US West Texas Intermediate (WTI) crude futures tumbled to a meager US$10.64 a barrel on Tuesday (Apr 28), and were off 12.8%, or US$1.64, at US$11.14 a barrel at 0635 GMT. WTI plunged 25% on Monday (Apr 27). Brent crude futures also tumbled to a low of US$18.85 and were last down 4.3%, or 85 cents, at US$19.14 a barrel.
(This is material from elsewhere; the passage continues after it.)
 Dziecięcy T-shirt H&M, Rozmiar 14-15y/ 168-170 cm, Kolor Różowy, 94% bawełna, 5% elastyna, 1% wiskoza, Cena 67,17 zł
The benchmark slid 6.8% on Monday (Apr 27), and the agreement for June shipments expire on April 30.
Analysts said some portion of the WTI drop can be attributed to retail investment vehicles like funds that are traded on the exchange selling head of front-month June contract and then buying back months after the fact to avoid incredible losses like those suffered during WTI’s plunge to zero.
The United States Oil Fund LP, the biggest oil-centered US exchange-traded offering, said it also plans move its assets into future contracts.
"With the USO ETF due to continuing selling down its June WTI position for the rest of the week, nobody else who needs to, or wants to sell, is hanging around and waiting for them to do so," said Jeffrey Halley, senior market analyst at OANDA brokerage in Singapore.
Indeed, even with the OPEC and partners, as led by Russia, having made a record agreement to cut production to about 10 million barrels per day (bpd) from May 1, that volume isn't nowhere close to enough to balance a fall in demand of roughly 30 million bpd due to coronavirus restrictions on business.
Russian Energy Minister Alexander Novak said on Tuesday (Apr 28) that the market would start equalizing once the OPEC+ deal comes into effect, but no serious spike in prices was foreseeable in the near future due to the colossal global crude reserves.
"Looking ahead, and all attention will be on inventory numbers this week, and in particular the build we see at Cushing, the WTI delivery hub," ING's head of commodities strategy Warren Patterson said.
"If we see similar builds to the last few weeks, we will likely reach full capacity at Cushing over the first half of May, which should maintain bearish pressure on the market."
Following the plunging demand, worldwide crude reserves are evaluated to be approximately 85% of capacity last week, as indicated by information from consultancy firm Kpler.
In an indication of the energy sector’s distressing need to keep the fuel somewhere, oil merchants are resorting to recruiting costly US ships as a means of overseas storage, according to logistics sources.